Summary: The first week of Advent 2010
26 In the sixth month, God sent the angel Gabriel to Nazareth, a town in Galilee, 27 to a virgin pledged to be married to a man named Joseph, a descendant of David. The virgin’s name was Mary. 28 The angel went to her and said, "Greetings, you who are highly favored! The Lord is with you." 29 Mary was greatly troubled at his words and wondered what kind of greeting this might be. 30 But the angel said to her, "Do not be afraid, Mary, you have found favor with God. 31 You will be with child and give birth to a son, and you are to give him the name Jesus. 32 He will be great and will be called the Son of the Most High. The Lord God will give him the throne of his father David, 33 and he will reign over the house of Jacob forever; his kingdom will never end." 34 "How will this be," Mary asked the angel, "since I am a virgin?" 35 The angel answered, "The Holy Spirit will come upon you, and the power of the Most High will overshadow you. So the holy one to be born will be called the Son of God. 36 Even Elizabeth your relative is going to have a child in her old age, and she who was said to be barren is in her sixth month. 37 For nothing is impossible with God." 38 "I am the Lord’s servant," Mary answered. "May it be to me as you have said." Then the angel left her.
Mariology – To Bethlehem: Through Art!
The Christmas Story is one that most of us know extremely well. As Christians, we have been rehearsing this event for over 2,000 years now… you could call it an old hat. It’s beautiful and slightly strange to us… we almost don’t know how to translate it into our modern day understandings. So we play it out as best we can, with little boys in their father’s bathrobes playing shepherds, angels with paper wings, children dressed up as animals, Joseph, the baby in the manger… and of course Mary. Mary is a central figure in the manger scene, but it’s hard for us to know what it was like for her.

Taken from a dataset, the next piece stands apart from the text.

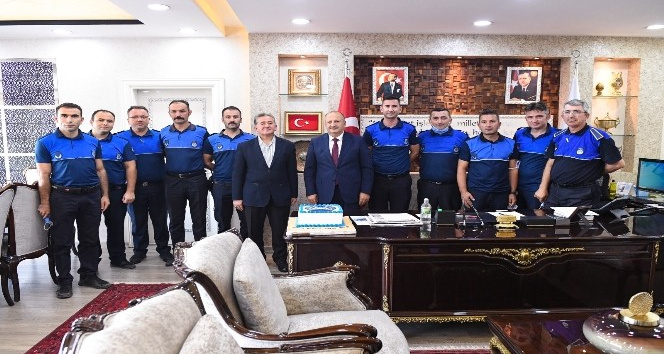 Ünye’de Zabıta Haftası kutlandı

Understanding Mary has been something that we have always struggled with. In fact, there has been so much time spent on it and so much effort put into it, that Mary has her very own branch of Theology known as “Mariology.” I’m not even making that up. Throughout history, our views of Mary have changed, have grown, and have been reevaluated. Much like the art we looked at this morning, the views have ranged from an almost godlike Mary to just a normal mother loving and sacrificing for her child.
1) Catholic – Veneration
2) Protestant – Humility before God, her obedience and her openness to the Word.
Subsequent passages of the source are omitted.